We isolate full tiles from partial tiles to be able to, for example, vectorize loops with parametric lower and/or upper bounds.

If we use -polly-vectorizer=stripmine, we can see execution-time improvements: correlation from 1m7361s to 0m5720s (-67.05 %), covariance from 1m5561s to 0m5680s (-63.50 %), ary3 from 2m3201s to 1m2361s (-46.72 %), CrystalMk from 8m5565s to 7m4285s (-13.18 %). However, there is a compile-time regression, for example, for 3mm from 0m6320s to 0m9881s (56.34%), which should be eliminated in future.

Diff Detail

Event Timeline

gareevroman retitled this revision from to [Polly] Full/partial tile separation for vectorization.
gareevroman updated this object.
gareevroman added reviewers: grosser, jdoerfert.
gareevroman added a subscriber: Restricted Project.
grosser edited edge metadata.Oct 15 2015, 12:18 PM

Hi Roman,

the patch looks good so far. I just have a set of minor documentation comments.

Best,
Tobias

lib/Transform/ScheduleOptimizer.cpp
165

Maybe add a brief comment what the function is doing.

181

Maybe add a brief comment what the function is doing.

193

"an every" ?

202

No empty line in between.

Also it is unclear what prefixes you are talking about both in the function name and in the @brief header.
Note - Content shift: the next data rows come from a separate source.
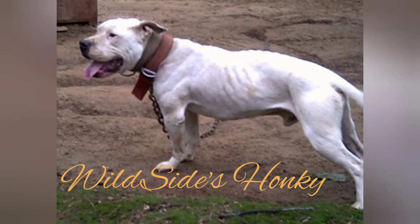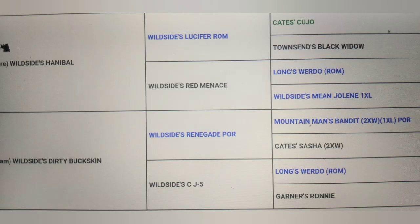Let's check out how Hunky is bred. Wild Side's Hunky is sired by Wild Side's Hannibal, who is sired by Wild Side's Lucifer, registered mark, bred to Wild Side's Red Menace. Wild Side's Lucifer is sired by Kate's Cujo bred to Townsend's Black Widow. Wild Side's Red Menace is sired by Long's Widow, registered mark, bred to Wild Side's Mean Jolene.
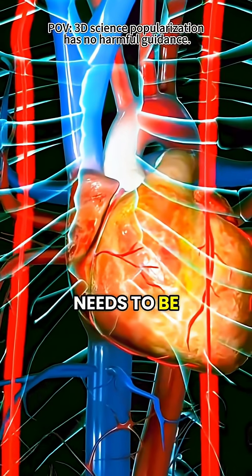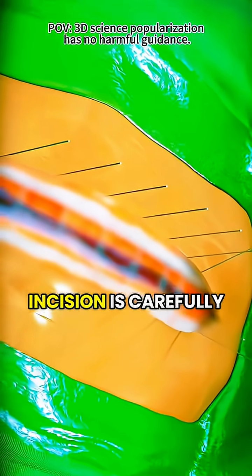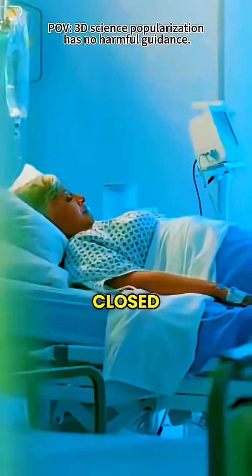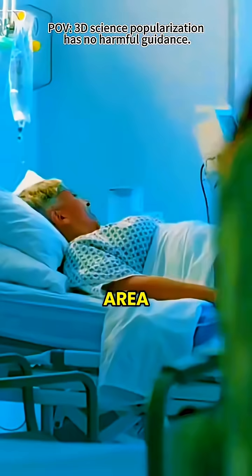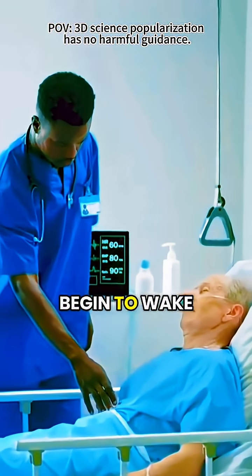Once everything that needs to be done is completed, the breastbone is brought back together and the incision is carefully closed. After that, the patient is moved to a recovery area where doctors and nurses closely monitor them as they begin to wake up.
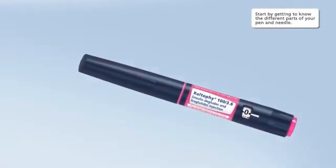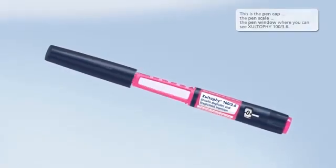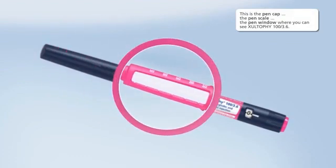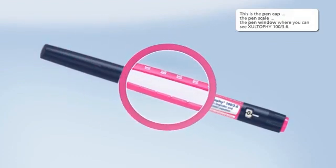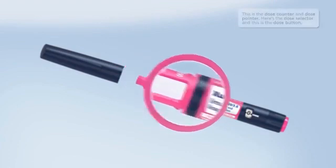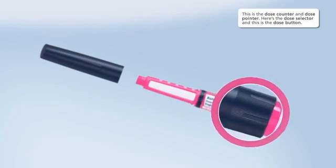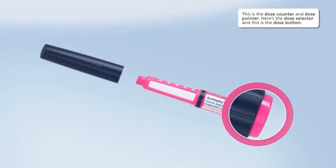Start by getting to know the different parts of your pen and needle. This is the pen cap, the pen scale, the pen window where you can see Zultify 100 3.6. This is the dose counter and dose pointer. Here's the dose selector, and this is the dose button.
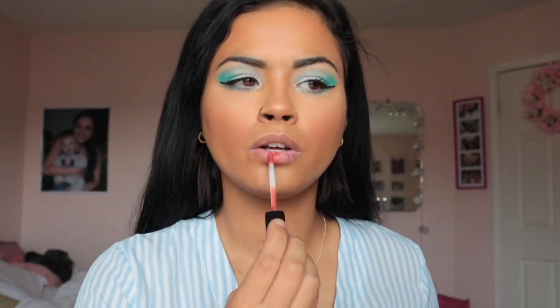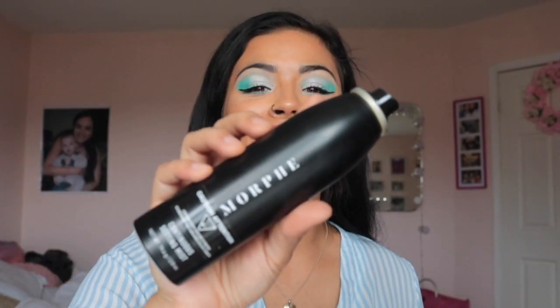The last step is setting spray. Not only does it help your makeup stay all day, it feels super fresh — which is appreciated with all these layers of makeup. I like to use the Morphe setting spray; it's about twenty dollars, which is pretty good value in the makeup world and it just feels so refreshing. Thank you for watching this tutorial. I hope it was helpful. Remember to hit that subscribe button, leave comments down below, and I'll see you all soon!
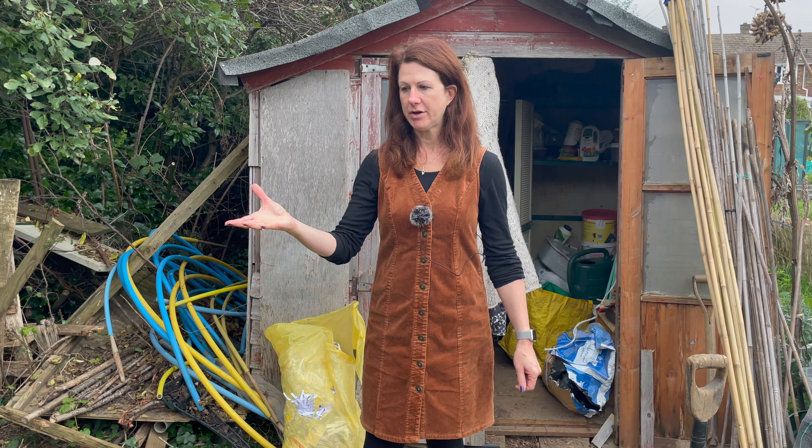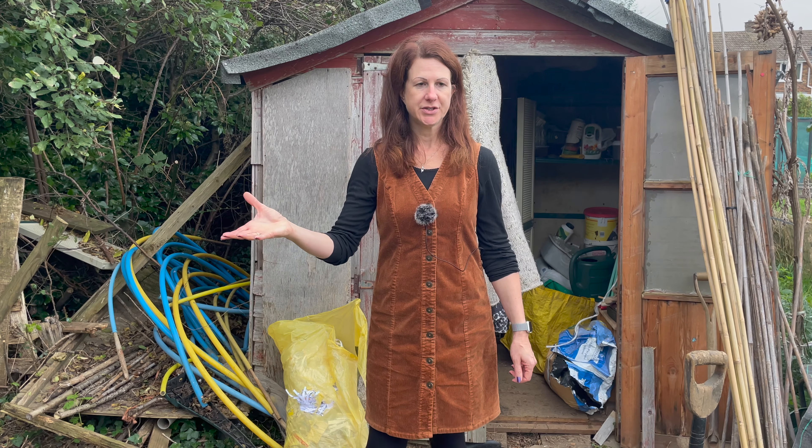Welcome to my allotment. It's the middle of October. Today I'm going to be showing you how I work my composter. If you've not already subscribed to my YouTube channel, please do so — there are lots of helpful hints and tips from my home garden, my allotment, and also my home kitchen.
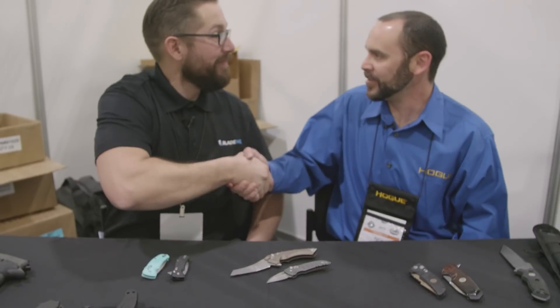Thanks so much for having us. Thank you very much, Zach — appreciate it. Well, that's all we have from Hogue today — a lot of really great offerings, so keep your eye out for it. But that's not all that Blade HQ has for you — make sure to check out our 2018 SHOT Show playlist here on YouTube. We'll be seeing you soon. Thanks, guys.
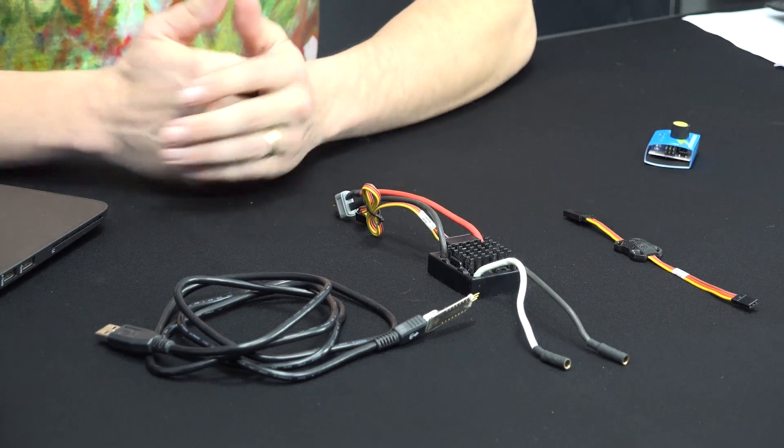Always make sure you wait until the settings are completely written in your programming software before disconnecting — otherwise you can actually break your ESC. If it's updating and you unplug it halfway, it can wreck the memory inside. Make sure you don't have kids fiddling with things while you're doing this, because that's probably the worst thing that can happen to an ESC — sometimes you can't even send it to the factory to have it unbricked. If you have any more questions, post them below. Thanks for tuning in, have a good one.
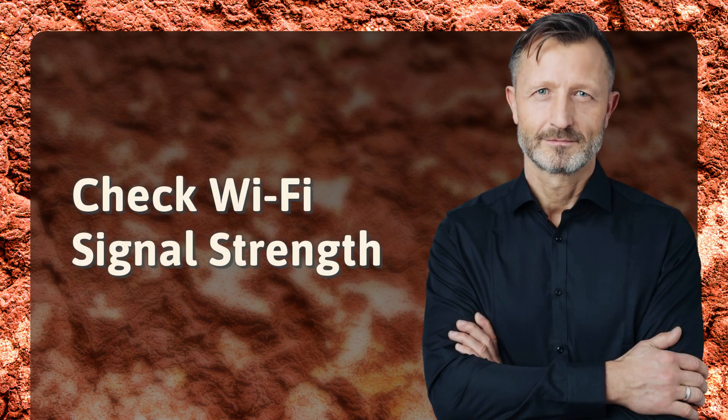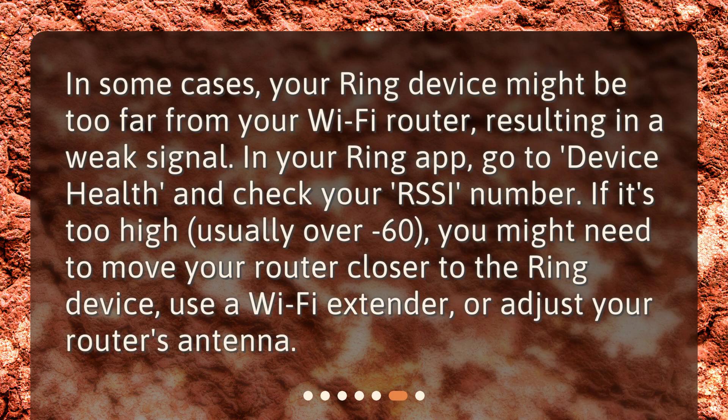Check Wi-Fi signal strength. In some cases, your Ring device might be too far from your Wi-Fi router, resulting in a weak signal. In your Ring app, go to device health and check your RSSI number. If it's too high, usually over minus 60, you might need to move your router closer to the Ring device, use a Wi-Fi extender, or adjust your router's antenna.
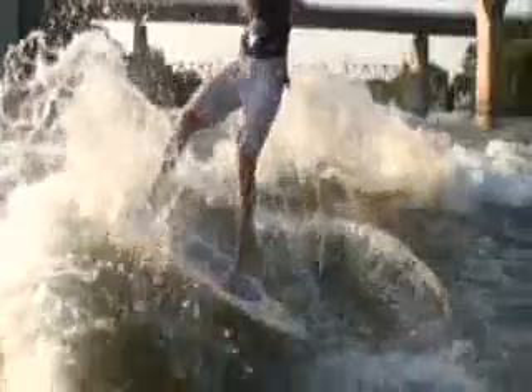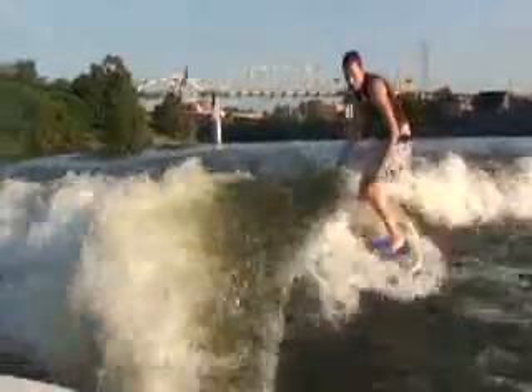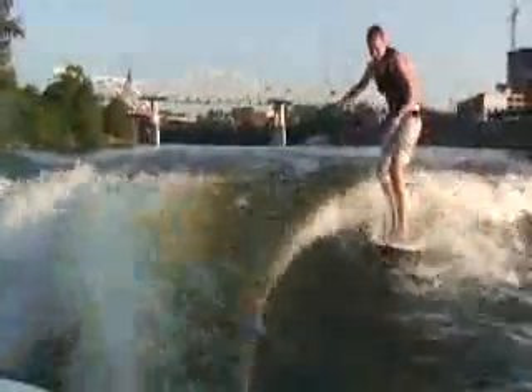I like to practice before I even start a 360. I like to do kind of a backslide — just a backslide, not a tail slide. Do it a couple times. That's just practicing getting your fin loose.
Maybe call it 'getPartialTilePrefixes()' and describe early on in the comment what kind of prefixes you are calculating.

221–222

Again, 'prefixes' is rather generic. Maybe use 'partial tile prefixes'?

232

Can we make this an assert?

jdoerfert edited edge metadata.Oct 15 2015, 2:27 PM

Some more comments from my side, but mostly style and simplification remarks/questions.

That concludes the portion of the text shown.